---------- Material provided

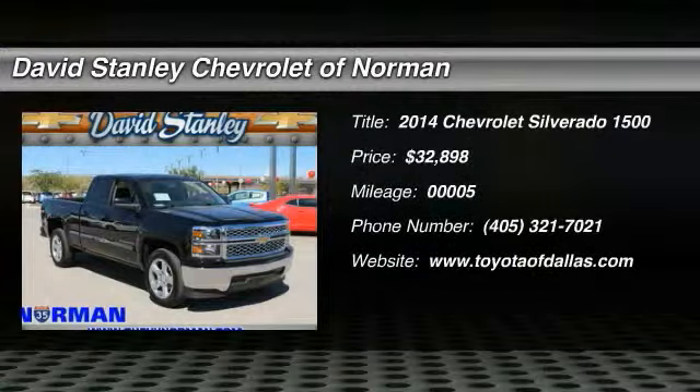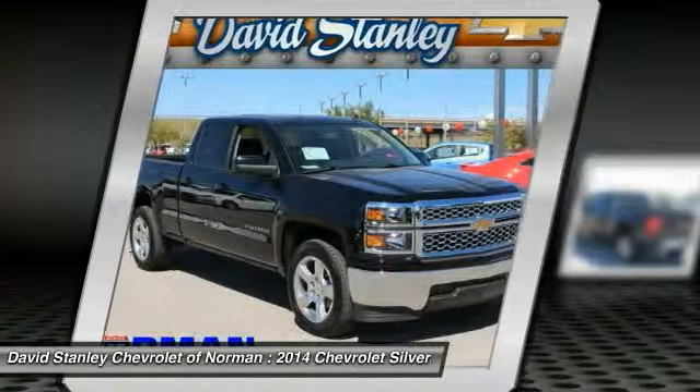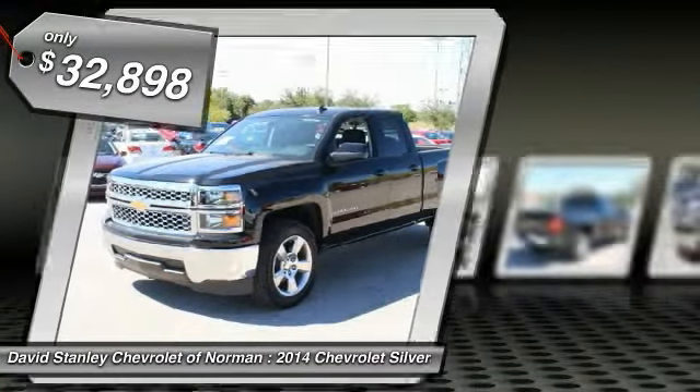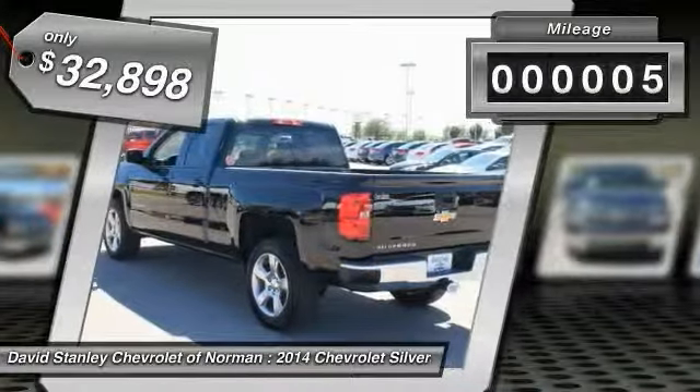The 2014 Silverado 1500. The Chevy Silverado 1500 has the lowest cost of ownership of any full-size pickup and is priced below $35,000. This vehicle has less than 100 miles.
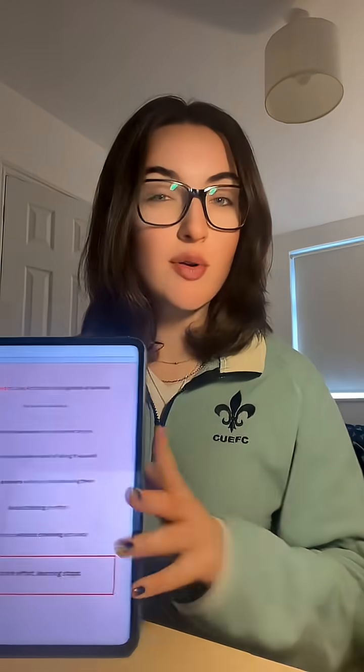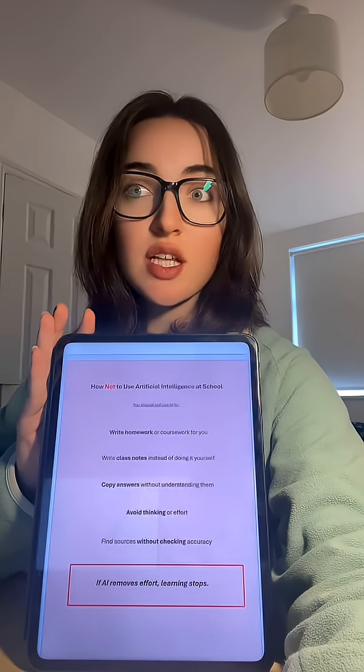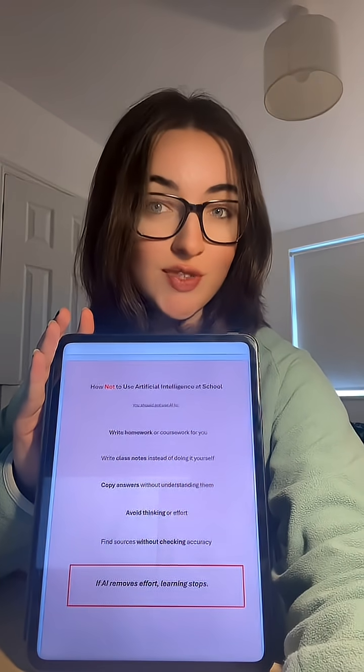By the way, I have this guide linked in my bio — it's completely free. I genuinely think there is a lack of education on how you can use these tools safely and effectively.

--------------------
---------- Material provided

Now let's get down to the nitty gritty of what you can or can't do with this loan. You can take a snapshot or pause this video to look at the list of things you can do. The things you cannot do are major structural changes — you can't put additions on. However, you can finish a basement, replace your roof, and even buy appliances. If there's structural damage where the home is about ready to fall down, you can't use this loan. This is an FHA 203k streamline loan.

--------------------
---------- Material provided

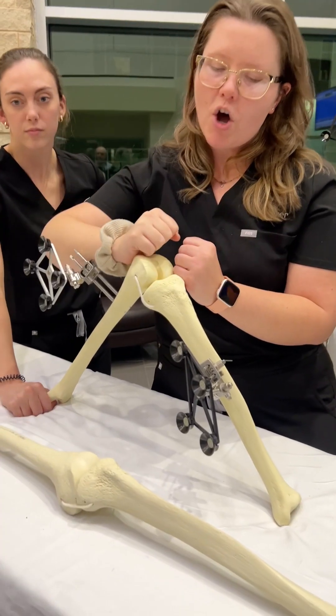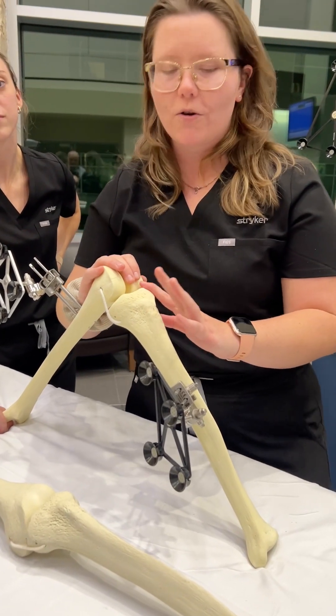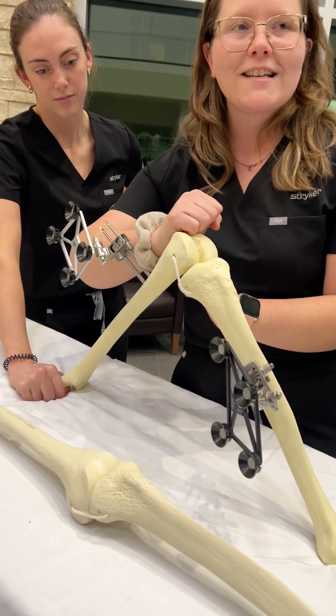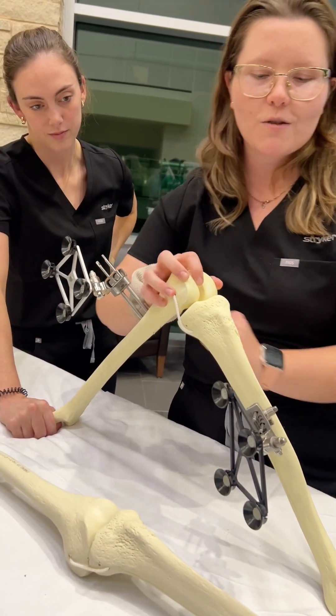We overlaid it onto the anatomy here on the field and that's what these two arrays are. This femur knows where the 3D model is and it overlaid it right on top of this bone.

--------------------

:: Problem ::
Return exactly the part of the listing above that opens with the line containing "The 2014 Silverado" and closes with the line containing "By the way, I". Pictures stay out.

:: Written solution ::
The 2014 Silverado 1500. The Chevy Silverado 1500 has the lowest cost of ownership of any full-size pickup and is priced below $35,000. This vehicle has less than 100 miles.
By the way, I have this guide linked in my bio — it's completely free. I genuinely think there is a lack of education on how you can use these tools safely and effectively.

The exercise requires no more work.